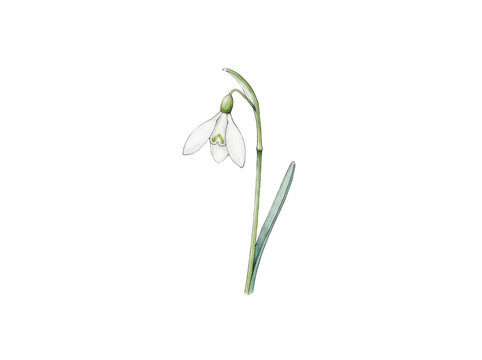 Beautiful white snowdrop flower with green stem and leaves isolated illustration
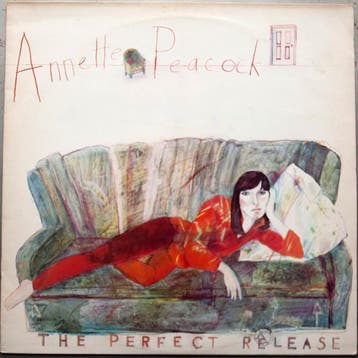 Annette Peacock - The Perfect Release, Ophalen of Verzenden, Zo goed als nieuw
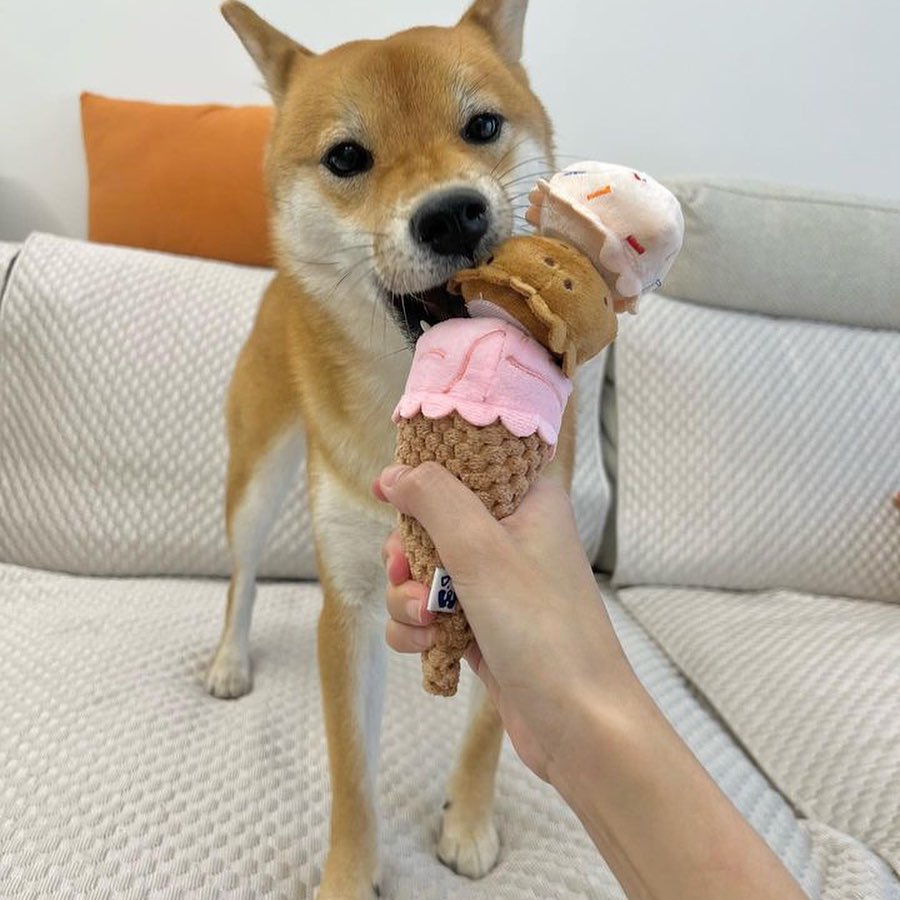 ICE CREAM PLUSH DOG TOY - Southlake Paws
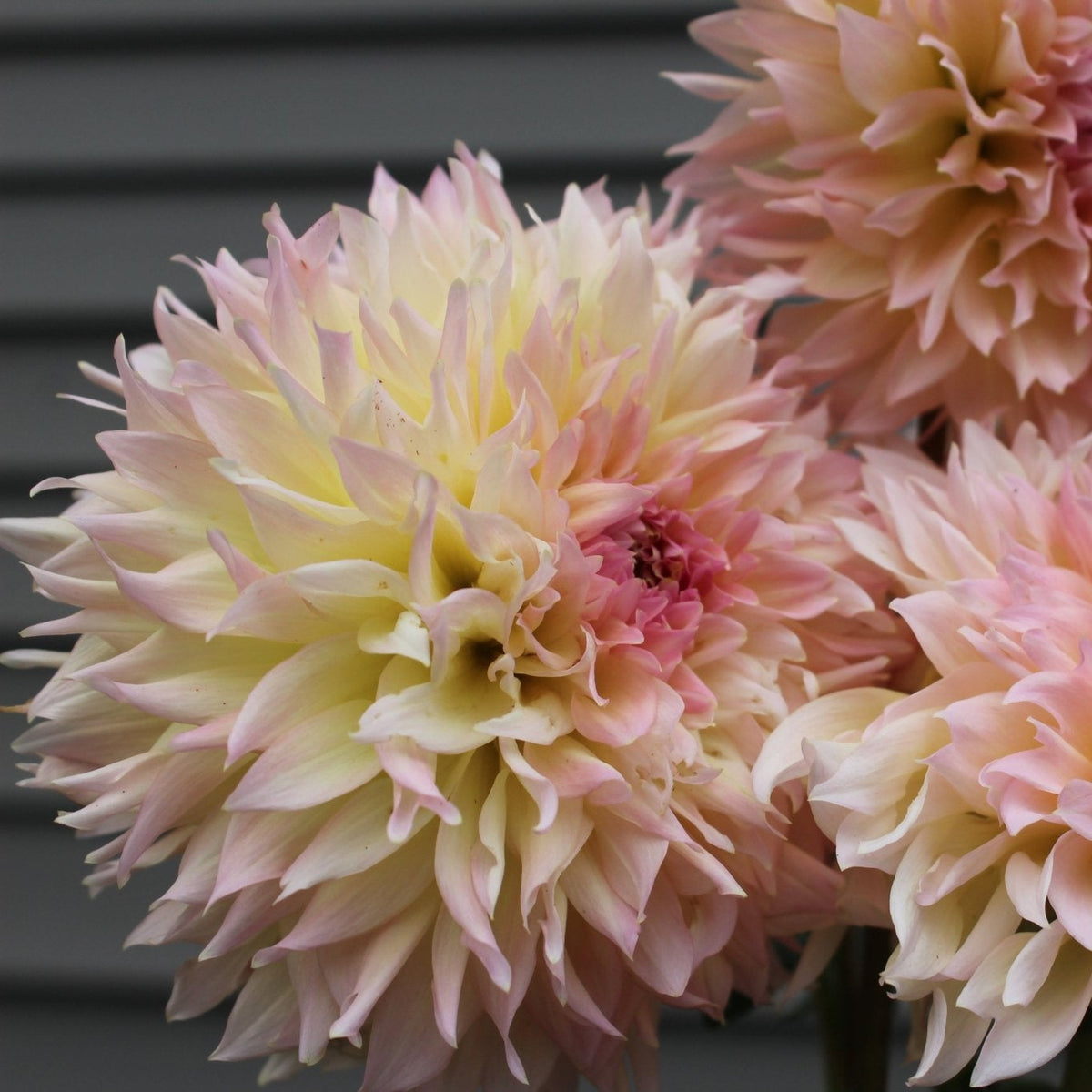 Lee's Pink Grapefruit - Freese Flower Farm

▶ **YOUR INSTRUCTIONS**
Return exactly the lines starting at the line with "Annette Peacock - The" and ending at the last line of the listing, both ends included; pictures are to be left out.

▶ **ANSWER BOX**
 Annette Peacock - The Perfect Release, Ophalen of Verzenden, Zo goed als nieuw
 ICE CREAM PLUSH DOG TOY - Southlake Paws
 Lee's Pink Grapefruit - Freese Flower Farm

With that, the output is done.